I don't remember the USSR making it to the moon first.

[–] [email protected] 1 points 7 months ago (1 children)

Do you remember them making it to space first?

[–] [email protected] 2 points 7 months ago (1 children)

I remember them sending a dog to starve to death in space

[–] [email protected] 0 points 7 months ago (1 children)

And I remember decades of American crews arriving at the ISS in vehicles labelled 'Soyuz'.

[–] [email protected] 1 points 7 months ago

ISS was pretty far along. Let's talk Skylab and Space Shuttle.

[–] [email protected] 1 points 7 months ago (1 children)

The USSR beat the US in every other stage of the space race.

First unmanned space vehicle (Sputnik), first manned space flight (Gagarin), first space walk (Alexei Leonov), first woman in space (Valentina Tereshkova)... the list goes on, and I didn't even have to look up any of this.

[–] [email protected] 0 points 7 months ago (1 children)

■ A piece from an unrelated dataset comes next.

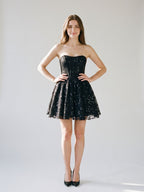 Black Lace A-Line Straight Neck Back Zip Short Dress with Sequins - Curvevia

Yet they still lost the space race.

[–] [email protected] 1 points 7 months ago

The space race didn't end with the moon landings. The USSR launched the first manned space station program - which became crucial in the development of the ISS - and performed the first landings of probes on Mars and Venus. The space race effectively only ended when the Cold War ended, and I think historians could spend days arguing who actually 'won' it.